Exercise objective — An exact copy of the listing below is required, minus its pictures.

Data shown —
....

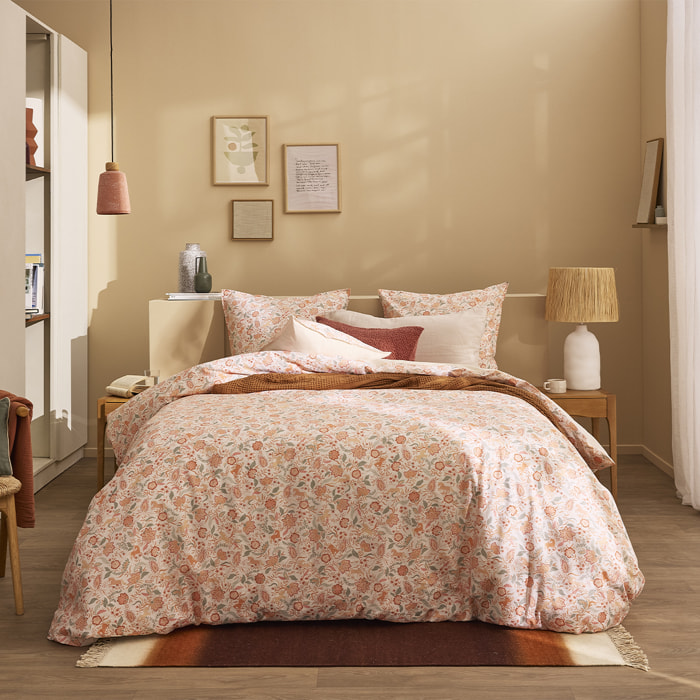 Parure de lit Housse de couette + taie carrée en percale de coton, ALLURE, Multicolore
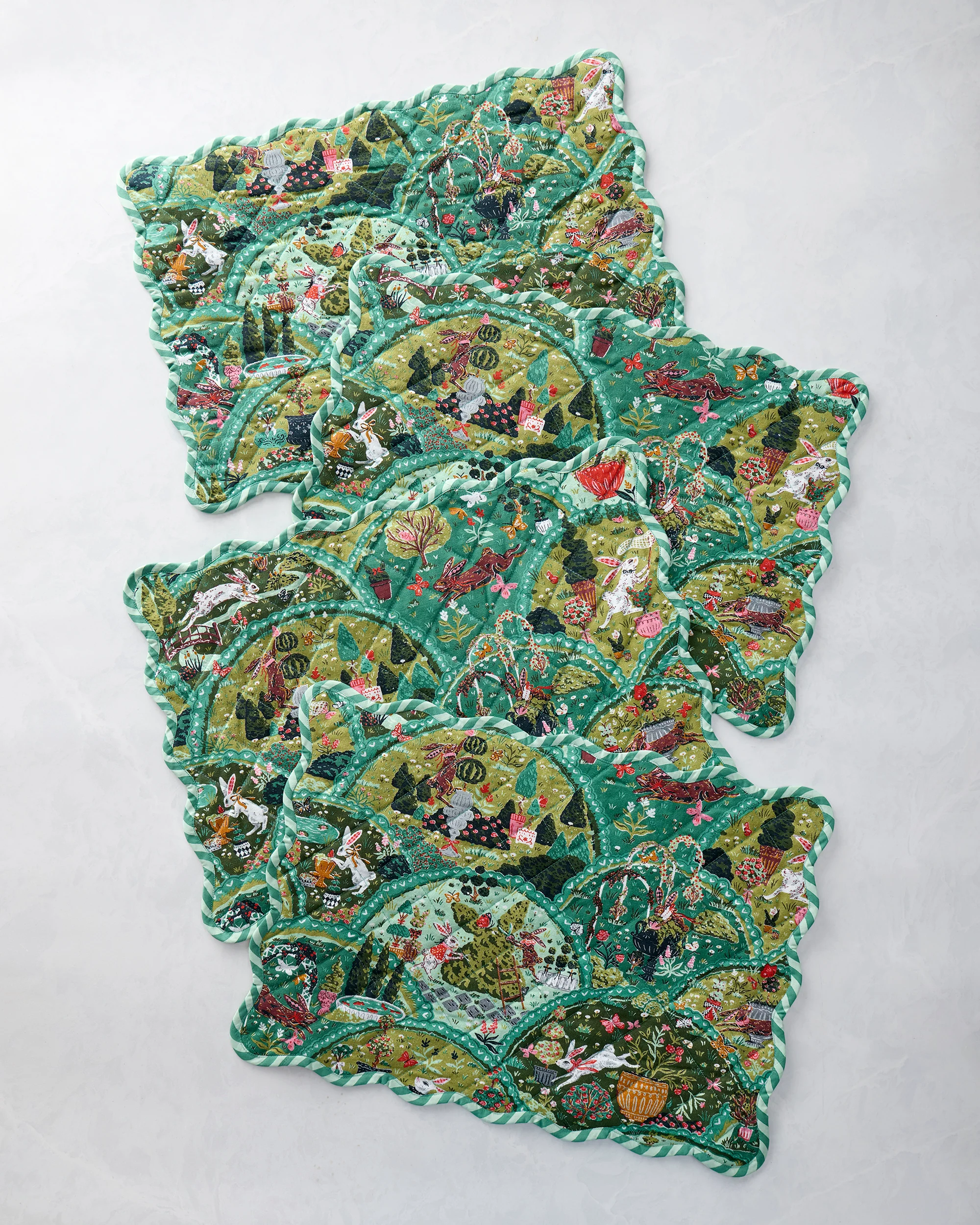 Rabbit Wonderland - Set Of 4 Placemats - Sage - Image 4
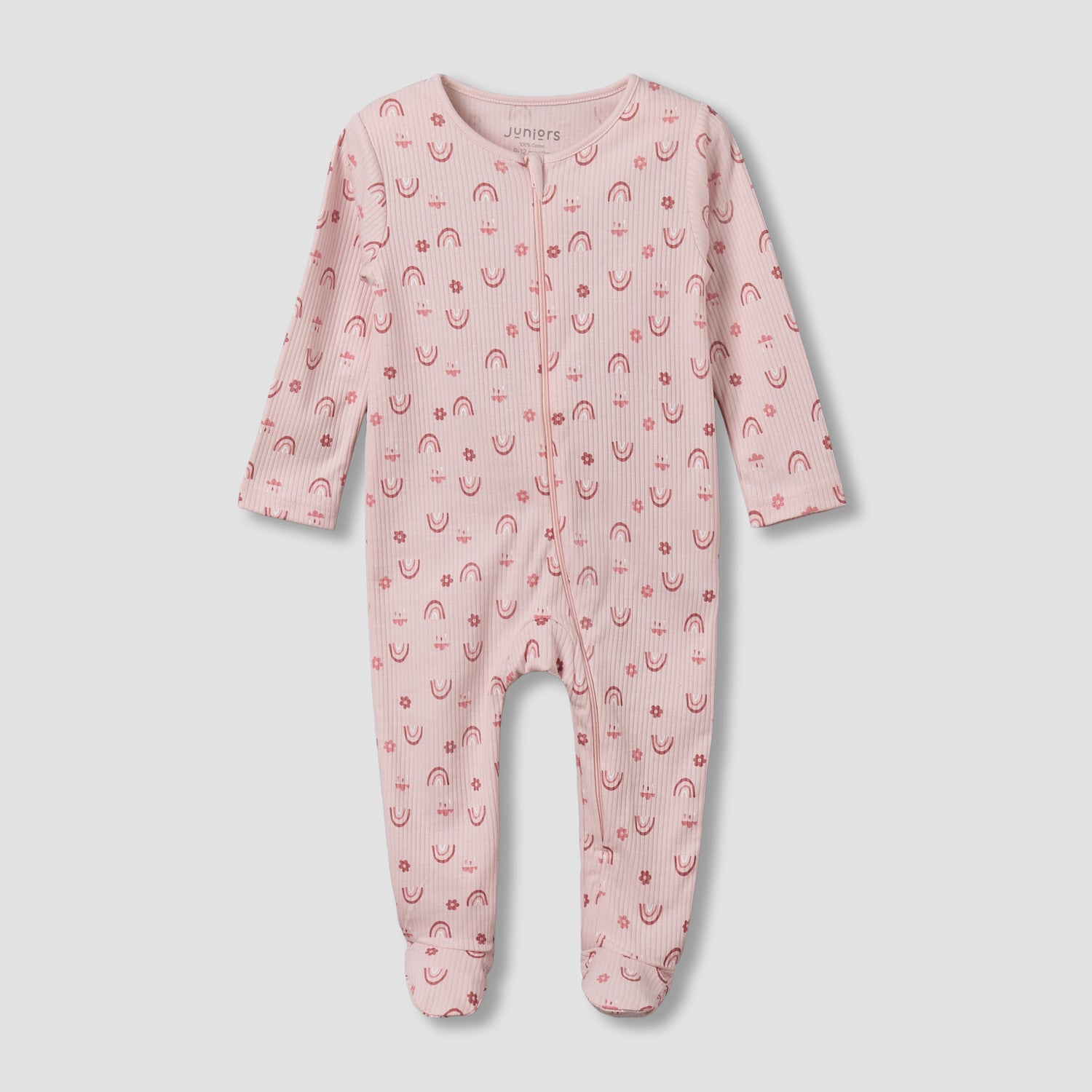 Juniors Cotton Round Neck Long Sleeves Sleepsuit with Fun Print - Pink / 12-18 mths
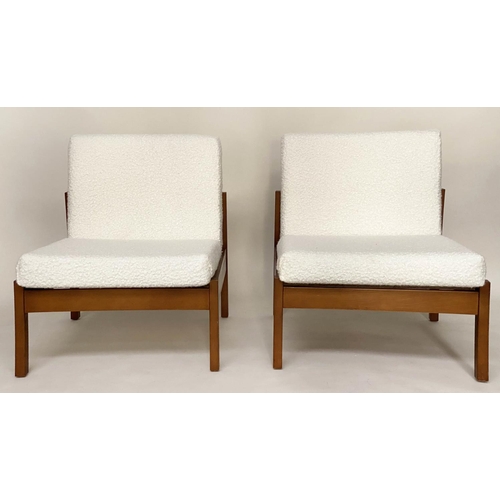 378 - COCKTAIL CHAIRS, a pair, 1970s teak with bouclé upholstery, 61cm W. (2)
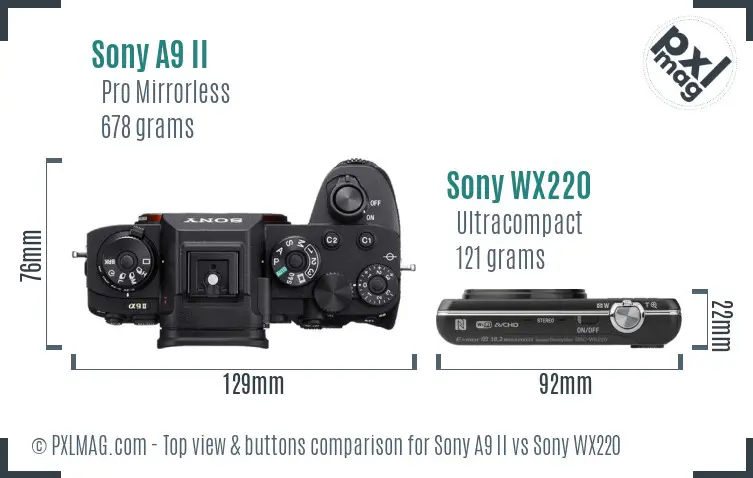 Sony A9 II vs Sony WX220 top view buttons comparison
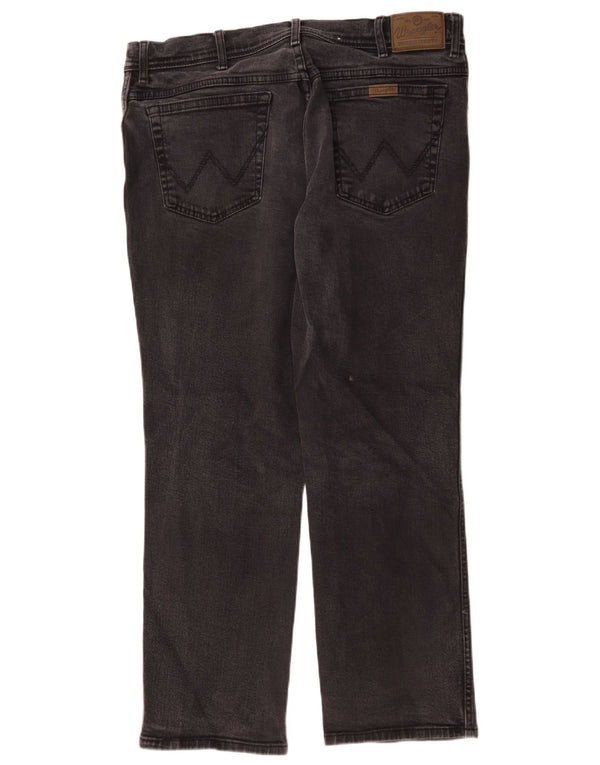 Jeans dritti da uomo Wrangler vestibilità regolare W38 L30 cotone nero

....

Output for this exercise —
 Parure de lit Housse de couette + taie carrée en percale de coton, ALLURE, Multicolore
 Rabbit Wonderland - Set Of 4 Placemats - Sage - Image 4
 Juniors Cotton Round Neck Long Sleeves Sleepsuit with Fun Print - Pink / 12-18 mths
 378 - COCKTAIL CHAIRS, a pair, 1970s teak with bouclé upholstery, 61cm W. (2)
 Sony A9 II vs Sony WX220 top view buttons comparison
 Jeans dritti da uomo Wrangler vestibilità regolare W38 L30 cotone nero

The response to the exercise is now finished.